In the short term, DaVanzo and Grammich note, health problems may be the most amenable to policy initiatives. Much of the increase in Russian mortality is a result of increased deaths due to accidents, injuries, violence, and other preventable causes. Broader public health education, similar to that in the United States, can help Russians improve health behaviors. Continuing improvements in contraceptive access can also help Russian women lead more stable and healthy reproductive lives.

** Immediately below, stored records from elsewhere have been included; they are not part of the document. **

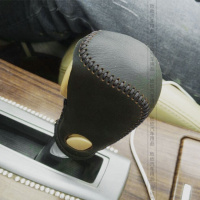 老款天籁档把套08-09-10-11-12年天籁尼桑公爵档把套改装 08-12年款天籁2.0黑皮黑线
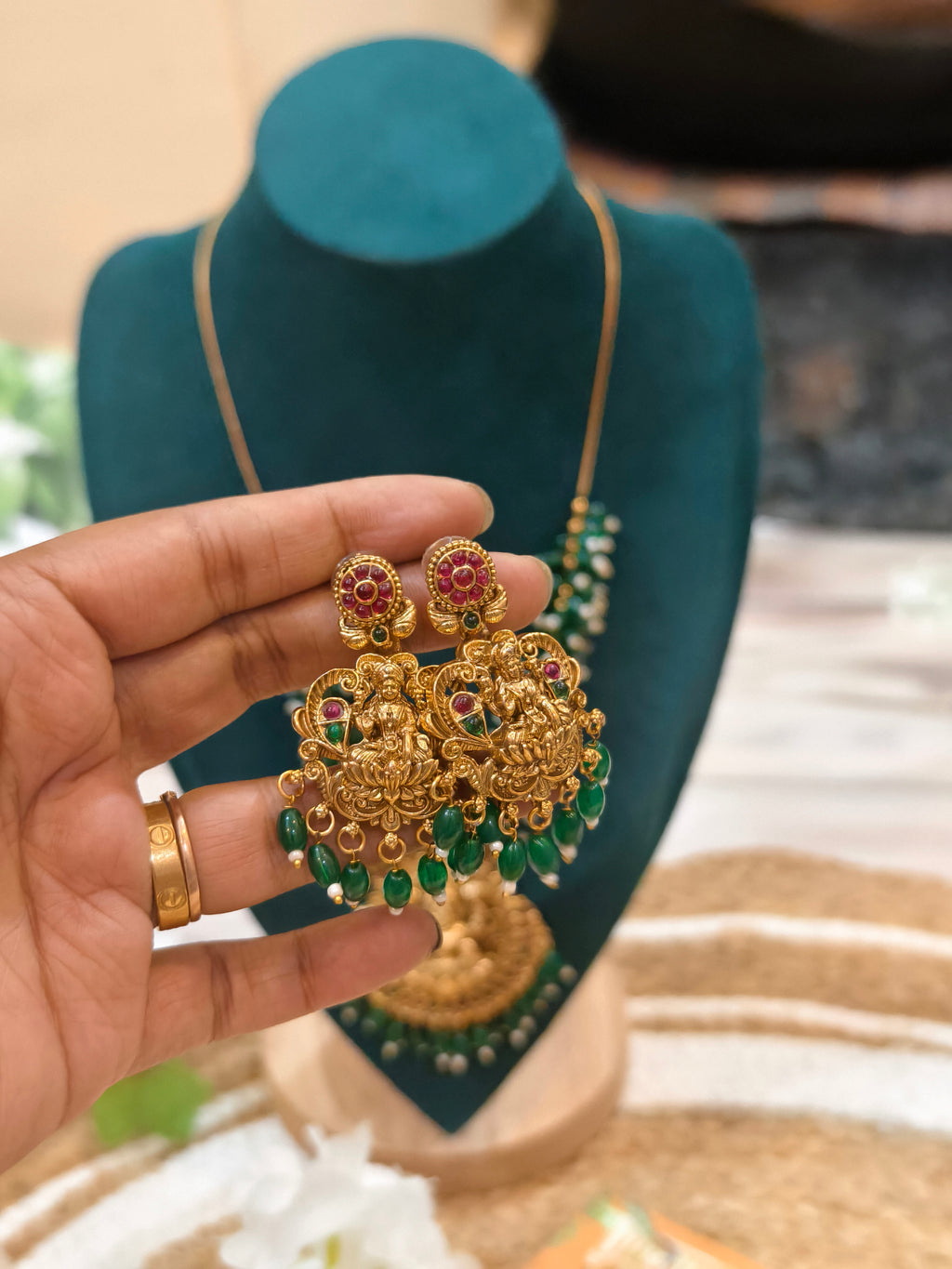 Green Bead Haram Chain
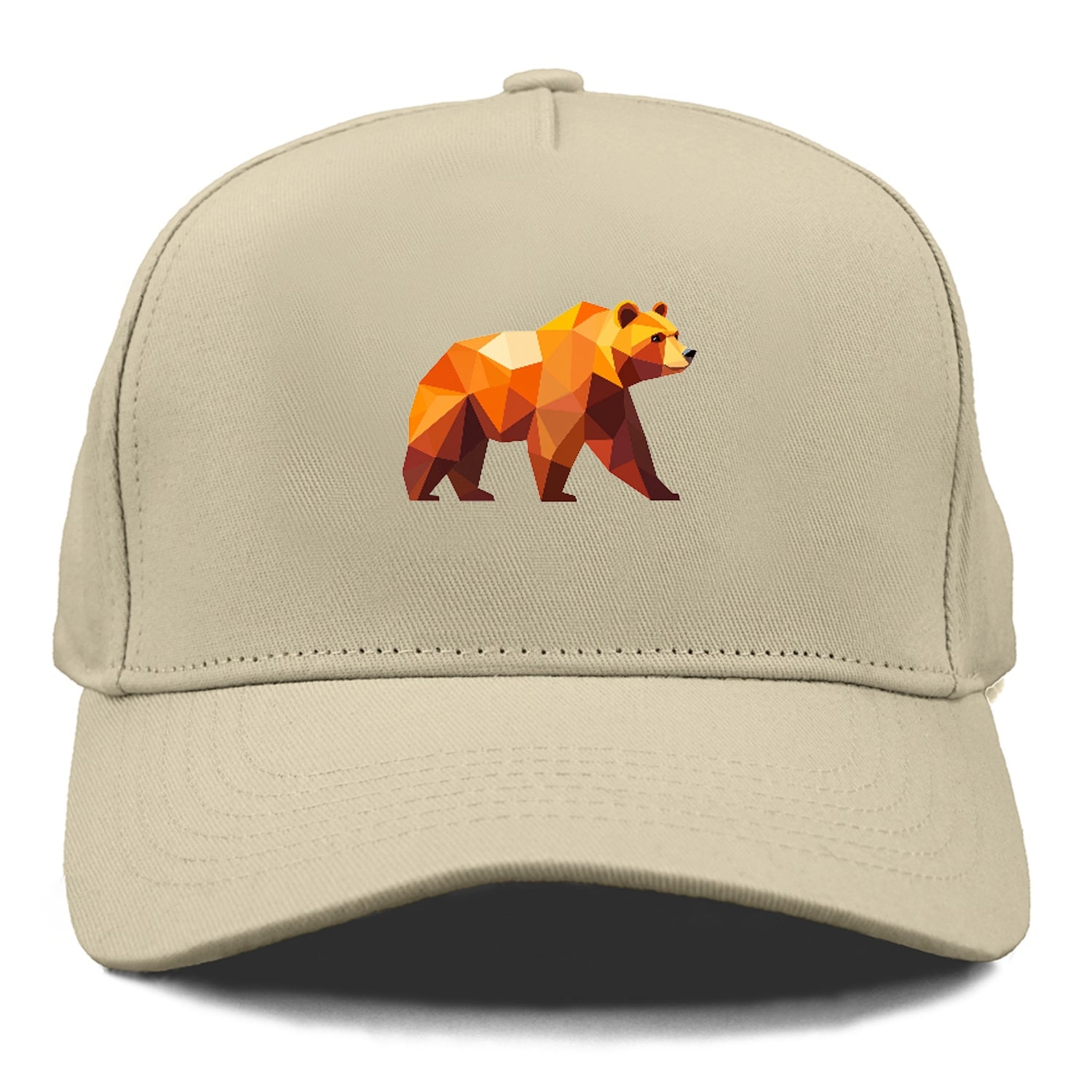 Geometric Bear on the Move Hat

While general economic improvement and greater health care funding would undoubtedly help, broader public health education, similar to that undertaken in the United States, might be the most effective means to improving Russians' health. In addition to alcohol abuse, evidence of other poor Russian health behaviors includes a diet that is among the richest in the world and tobacco use by males that is twice the U.S. level. Russia can apply several lessons from Western initiatives to improve health behaviors regarding diet and tobacco use, although these will probably take years to have a measurable effect.
Unfortunately, the most pressing problem for Russian health education may be the most difficult to address: high rates of alcohol consumption. Russian per capita alcohol consumption continues to exceed the level that the World Health Organization says endangers health in a country. Agrarian Russian patterns of "holiday-peak" drinking have given way to modern patterns of binge drinking, which exacerbate the health problems of excessive alcohol use. Government efforts to curb alcohol use, including recent efforts to raise taxes on it, have been unpopular.
Some efforts to improve Russian health care financing have been more successful. The United States has played a direct role in improving Russian health care facilities. A USAID program subsidizing health care partnerships between American and Russian "sister cities" helped one Russian city eliminate the need for one-third of its hospital beds while maintaining a mortality rate below the national average. When properly equipped and funded, Russian health care facilities may be among the finest in the world, as some proclaim the Kremlin Hospital to be after its improvements, funded by American donors, to help former Russian President Boris Yeltsin avoid the political embarrassment of traveling to the West for high-quality cardiac care.
Western nations have reasons beyond these political sensitivities for supporting Russian health care reform. Poor health could further reduce the productivity or even the number of working-age Russians, which will soon dwindle in any event as the large number of persons born after World War II retire and the small number of persons born in recent years take their place in the workforce. This could weaken the Russian economy and precipitate a broader social and political crisis affecting political stability in Russia, and hence international order. More immediately, the ability of diseases like tuberculosis and HIV/AIDS to cross borders provides the international community a direct motive for helping Russia improve its health care system.